━━ RECORDED INFORMATION

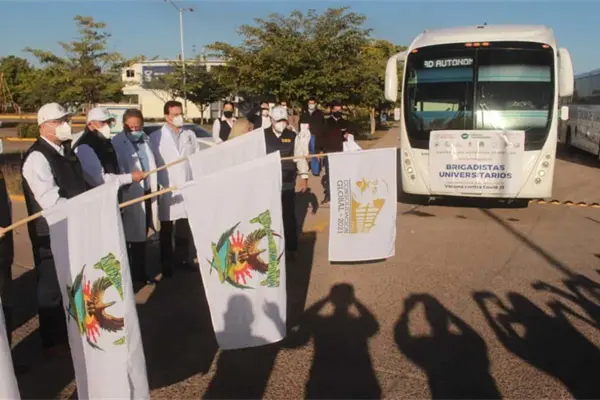 Brigadistas de la UAS salen a las comunidad en apoyo a vacunación Brigadistas de la UAS salen a las comunidad en apoyo a vacunación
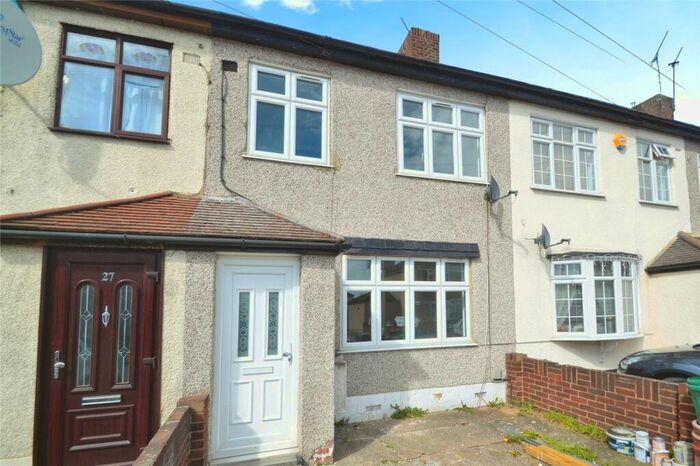 3 Bedroom House To Rent In Lamberhurst Road, Dagenham, Essex, RM8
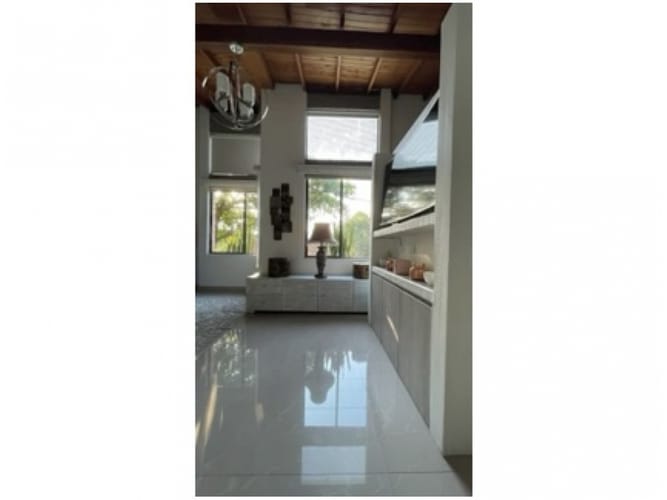 Casa de 3 alcobas en venta en Loma Del Escobero, Envigado, 180 m² · foto 16 de 24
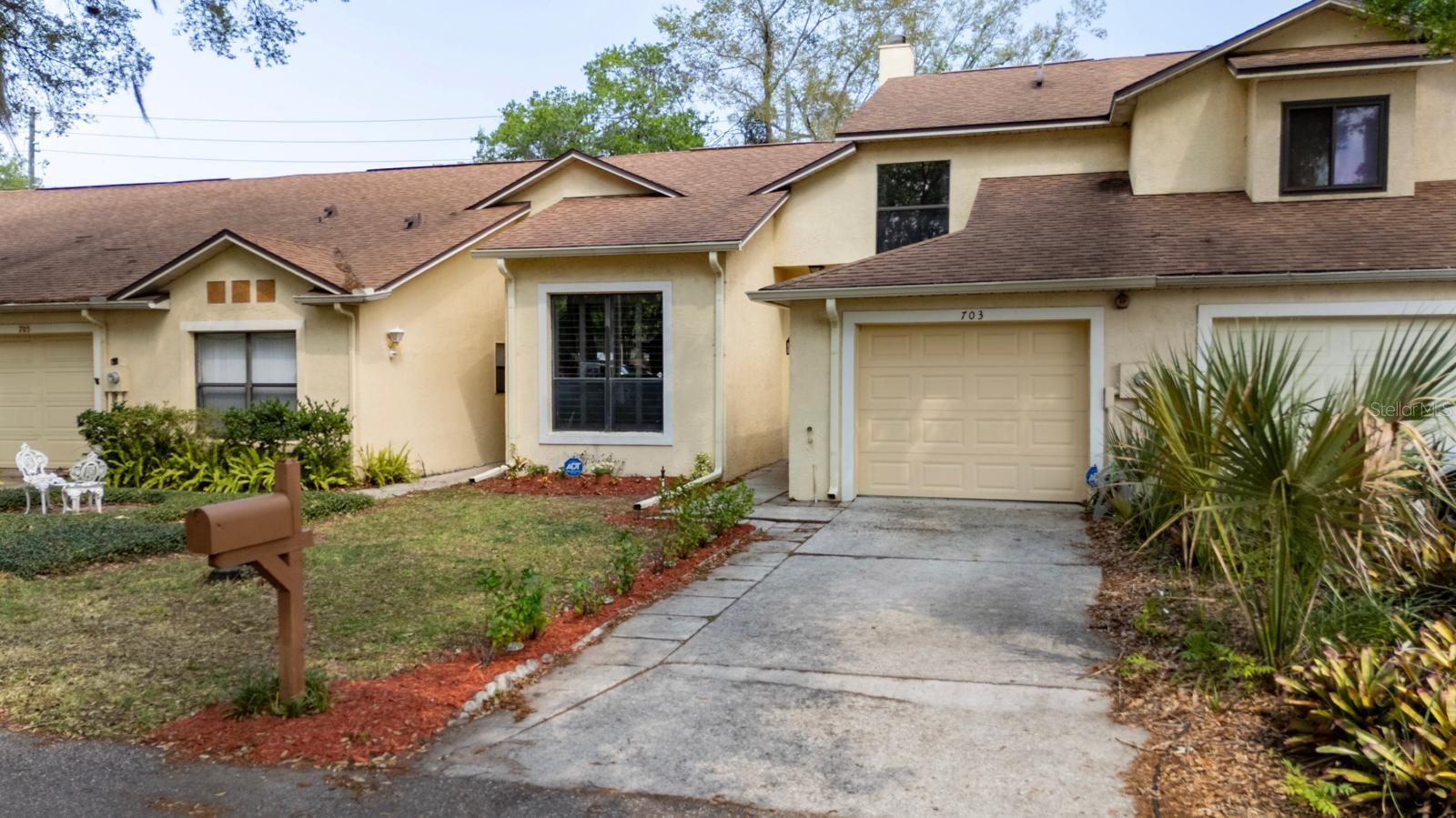 703 SWAN LN, ALTAMONTE SPRINGS, FL, 32701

━━━━

Take the line with "Casa de 3 alcobas" and every line after it through the end of the data, and write only them out exactly, leaving out the pictures.

 Casa de 3 alcobas en venta en Loma Del Escobero, Envigado, 180 m² · foto 16 de 24
 703 SWAN LN, ALTAMONTE SPRINGS, FL, 32701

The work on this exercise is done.